La necropsia del contrato
Pero mi curiosidad no es una difunta más del lugar. Al preguntarles a aquellos obreros sobre las obras que se realizan en el cementerio, sus bostezos delatan su ignorancia sobre el tema. Mientras más me interno en el lodazal del terreno santo, más siento compasión por los difuntos que en el habitan. Las calles que no están empapadas en sudor de barro de los trabajos de mantenimiento, están erosionadas, llenas de musgo y moho, cualquier parecido con Bogotá es pura coincidencia.
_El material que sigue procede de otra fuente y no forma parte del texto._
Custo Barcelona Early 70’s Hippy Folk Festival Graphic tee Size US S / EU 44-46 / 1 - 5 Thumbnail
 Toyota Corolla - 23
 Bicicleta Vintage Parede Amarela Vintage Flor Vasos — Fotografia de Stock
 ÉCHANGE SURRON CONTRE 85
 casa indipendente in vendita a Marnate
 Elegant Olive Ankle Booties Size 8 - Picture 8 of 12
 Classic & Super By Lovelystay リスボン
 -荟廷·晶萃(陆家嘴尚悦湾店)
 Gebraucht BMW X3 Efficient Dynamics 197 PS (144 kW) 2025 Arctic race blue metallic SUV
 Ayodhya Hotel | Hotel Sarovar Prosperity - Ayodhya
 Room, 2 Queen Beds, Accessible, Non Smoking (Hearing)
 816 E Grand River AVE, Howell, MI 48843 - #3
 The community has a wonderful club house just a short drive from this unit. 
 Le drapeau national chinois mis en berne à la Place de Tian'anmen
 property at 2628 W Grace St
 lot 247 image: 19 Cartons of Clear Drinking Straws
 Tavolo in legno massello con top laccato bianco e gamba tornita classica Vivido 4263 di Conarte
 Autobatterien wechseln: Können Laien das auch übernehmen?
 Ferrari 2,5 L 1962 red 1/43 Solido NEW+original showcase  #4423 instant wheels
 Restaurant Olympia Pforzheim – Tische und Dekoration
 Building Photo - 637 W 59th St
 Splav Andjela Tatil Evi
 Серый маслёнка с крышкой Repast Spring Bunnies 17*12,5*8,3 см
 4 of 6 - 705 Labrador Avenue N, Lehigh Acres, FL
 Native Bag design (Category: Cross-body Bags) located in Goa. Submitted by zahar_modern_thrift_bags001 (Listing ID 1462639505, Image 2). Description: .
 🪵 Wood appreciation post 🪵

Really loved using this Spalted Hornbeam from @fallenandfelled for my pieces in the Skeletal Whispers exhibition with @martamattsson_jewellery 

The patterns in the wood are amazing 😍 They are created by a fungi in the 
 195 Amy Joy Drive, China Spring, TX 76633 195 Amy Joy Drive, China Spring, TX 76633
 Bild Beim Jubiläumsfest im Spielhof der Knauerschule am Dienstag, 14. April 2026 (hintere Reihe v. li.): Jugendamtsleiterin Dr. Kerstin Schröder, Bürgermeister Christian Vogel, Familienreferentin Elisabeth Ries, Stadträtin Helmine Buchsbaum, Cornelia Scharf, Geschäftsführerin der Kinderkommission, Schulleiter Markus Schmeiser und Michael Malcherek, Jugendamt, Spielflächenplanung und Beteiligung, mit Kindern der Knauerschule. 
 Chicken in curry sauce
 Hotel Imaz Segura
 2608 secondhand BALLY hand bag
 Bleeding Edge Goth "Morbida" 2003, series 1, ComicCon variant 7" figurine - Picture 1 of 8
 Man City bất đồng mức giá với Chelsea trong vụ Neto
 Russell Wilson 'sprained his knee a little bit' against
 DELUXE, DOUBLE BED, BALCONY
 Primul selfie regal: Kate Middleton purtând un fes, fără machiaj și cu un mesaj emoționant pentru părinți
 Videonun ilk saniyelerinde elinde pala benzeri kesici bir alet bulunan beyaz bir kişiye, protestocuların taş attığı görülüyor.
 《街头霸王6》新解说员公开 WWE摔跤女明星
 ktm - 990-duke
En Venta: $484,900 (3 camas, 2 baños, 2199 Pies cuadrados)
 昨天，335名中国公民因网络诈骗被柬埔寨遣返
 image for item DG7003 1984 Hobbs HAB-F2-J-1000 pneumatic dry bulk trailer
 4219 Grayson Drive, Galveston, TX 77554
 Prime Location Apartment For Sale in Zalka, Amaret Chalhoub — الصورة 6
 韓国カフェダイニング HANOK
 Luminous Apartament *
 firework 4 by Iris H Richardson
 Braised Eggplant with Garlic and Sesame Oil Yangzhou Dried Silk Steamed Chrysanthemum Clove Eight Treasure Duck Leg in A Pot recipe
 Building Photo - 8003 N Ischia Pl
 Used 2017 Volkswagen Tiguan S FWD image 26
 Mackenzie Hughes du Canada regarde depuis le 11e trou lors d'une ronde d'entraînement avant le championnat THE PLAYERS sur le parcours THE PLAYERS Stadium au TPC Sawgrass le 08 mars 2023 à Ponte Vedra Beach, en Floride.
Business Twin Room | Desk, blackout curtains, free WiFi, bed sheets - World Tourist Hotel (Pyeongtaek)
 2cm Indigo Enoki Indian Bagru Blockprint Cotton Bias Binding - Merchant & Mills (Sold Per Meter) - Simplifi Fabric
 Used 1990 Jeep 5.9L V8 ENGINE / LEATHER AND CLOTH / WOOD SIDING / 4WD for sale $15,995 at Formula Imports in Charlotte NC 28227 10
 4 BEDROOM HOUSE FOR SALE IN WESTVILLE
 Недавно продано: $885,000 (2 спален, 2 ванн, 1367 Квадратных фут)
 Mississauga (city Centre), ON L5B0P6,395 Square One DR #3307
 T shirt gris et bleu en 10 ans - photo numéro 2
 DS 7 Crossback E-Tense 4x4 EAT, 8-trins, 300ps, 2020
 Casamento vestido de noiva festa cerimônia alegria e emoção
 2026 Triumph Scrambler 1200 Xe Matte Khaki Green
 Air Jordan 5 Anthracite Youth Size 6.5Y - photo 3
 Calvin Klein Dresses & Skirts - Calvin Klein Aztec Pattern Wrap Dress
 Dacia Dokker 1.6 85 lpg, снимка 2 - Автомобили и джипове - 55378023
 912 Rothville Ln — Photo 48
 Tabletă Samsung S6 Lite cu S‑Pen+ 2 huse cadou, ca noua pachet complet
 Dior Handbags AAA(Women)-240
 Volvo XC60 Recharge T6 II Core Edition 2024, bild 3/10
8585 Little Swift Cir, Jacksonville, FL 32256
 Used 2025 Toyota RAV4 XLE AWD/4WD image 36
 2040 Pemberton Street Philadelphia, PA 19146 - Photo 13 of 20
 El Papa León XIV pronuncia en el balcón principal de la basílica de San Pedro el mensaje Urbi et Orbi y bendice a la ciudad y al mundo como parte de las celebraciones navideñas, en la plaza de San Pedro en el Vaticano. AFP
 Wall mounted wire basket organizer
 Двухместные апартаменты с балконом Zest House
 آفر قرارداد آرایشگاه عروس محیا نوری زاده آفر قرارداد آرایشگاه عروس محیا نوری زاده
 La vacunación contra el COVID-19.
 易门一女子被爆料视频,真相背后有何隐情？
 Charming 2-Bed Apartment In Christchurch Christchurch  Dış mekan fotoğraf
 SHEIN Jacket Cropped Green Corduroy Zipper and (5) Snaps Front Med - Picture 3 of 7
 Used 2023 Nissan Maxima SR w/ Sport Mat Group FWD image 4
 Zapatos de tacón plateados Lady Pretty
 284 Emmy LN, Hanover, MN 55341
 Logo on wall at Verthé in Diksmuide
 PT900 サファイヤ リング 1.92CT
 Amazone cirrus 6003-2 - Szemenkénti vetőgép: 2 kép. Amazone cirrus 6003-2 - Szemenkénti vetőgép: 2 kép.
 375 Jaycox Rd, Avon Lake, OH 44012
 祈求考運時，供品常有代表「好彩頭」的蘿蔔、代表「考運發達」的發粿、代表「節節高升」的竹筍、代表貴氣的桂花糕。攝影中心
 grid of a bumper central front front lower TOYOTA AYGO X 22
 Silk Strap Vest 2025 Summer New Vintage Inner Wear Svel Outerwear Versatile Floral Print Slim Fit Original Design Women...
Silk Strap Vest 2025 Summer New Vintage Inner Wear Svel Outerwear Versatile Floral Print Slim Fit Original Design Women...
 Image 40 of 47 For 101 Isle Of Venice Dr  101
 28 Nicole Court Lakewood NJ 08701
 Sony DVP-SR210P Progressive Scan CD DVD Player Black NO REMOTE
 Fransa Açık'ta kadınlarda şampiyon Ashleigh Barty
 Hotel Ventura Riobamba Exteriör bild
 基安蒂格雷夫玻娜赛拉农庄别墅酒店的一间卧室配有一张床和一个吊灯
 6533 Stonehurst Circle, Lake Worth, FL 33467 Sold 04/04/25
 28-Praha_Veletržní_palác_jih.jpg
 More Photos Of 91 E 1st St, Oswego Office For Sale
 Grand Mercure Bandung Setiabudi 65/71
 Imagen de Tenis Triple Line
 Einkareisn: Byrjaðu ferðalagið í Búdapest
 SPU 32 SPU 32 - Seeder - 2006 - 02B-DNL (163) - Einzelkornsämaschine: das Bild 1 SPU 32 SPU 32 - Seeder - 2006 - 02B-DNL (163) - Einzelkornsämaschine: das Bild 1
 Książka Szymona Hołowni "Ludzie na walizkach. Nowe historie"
Sé que es muy pronto, bueno uno nunca sabe, pero posiblemente apenas llega a casa empezare a redactar mi testamento y pediré expresamente, no ser enterrado en estos terrenos en los que me hundo palpando lapidas enterradas para no tropezar con ellas, ya he tenido suficiente de la congestión vial de Bogotá en vida, para también atascarme en ella en mi mas allá .En mi vertiginoso recorrido he pescado a un par de albañiles más despabilados y les he preguntado sobre la situación que tanto aflige a los anfitriones de la casa.
Los contratistas son el consorcio vial central y adelantan la obra de mantenimiento de las vías principales del Cementerio Central de Bogotá distrito capital. El contrato es el No 469 de 2010 y es más fácil encontrar a un honesto en el carrusel que la información del contrato en internet. Las obras son realizadas por la unidad administrativa especial de servicios públicos (UAESP) y estas mismas, comenzaron a mediados de febrero y están medio paralizadas por el travieso invierno. A pesar de todo, las obras no han avanzado prácticamente nada, pero si tienen, al camposanto al revés y a los visitantes de sus difuntos en valerosas jornadas de funambulismo rocoso para llegar a las tumbas de sus seres queridos. Sin mencionar a los tantos espíritus que ya no pueden transitar en las apocalípticas vías de su necrópolis. Dicen que las obras terminaran en el mes de octubre, pero a este paso, hasta la navidad se le va aguar a los difuntos. Observe, en el ala sur de este huerto del señor, un mar agreste de barro y de escombros y dije –La 26 se metió en el cementerio. El celador me respondió con una carcajada, que adulo a mi sentido del humor.
Una última voluntad
Espero que cuando mis huesos se vengan a mudar a un lugar como este, las obras viales de Bogotá por fin hayan concluido, así sea que el ángel de mármol blanco de la entrada, salga de su ensimismamiento y se ponga a ayudar, echando hacha o mejor, que ayude con algo menos mortal, tal vez con una pala. Pero quizá las obras demoren otra veintena de paciencias en esta vida y la otra y los obreros salgan pensionados jactándose de las pensiones colombianas que son tan escurridizas. Me resigno a que a los vivos seamos mareados por las vueltas de este carrusel, pero es el colmo, de que ni los muertos pueden descansar en paz .De todos modos me queda rogar de que aquel túnel de luz, no sea parte de la ruta de la fase tres de trasmilenio, para que los vivos que murieron esperando y anhelando ver la 26 por fin terminada, puedan llegar a su destino, sin ningún tipo de trancón o de descabellados desvíos.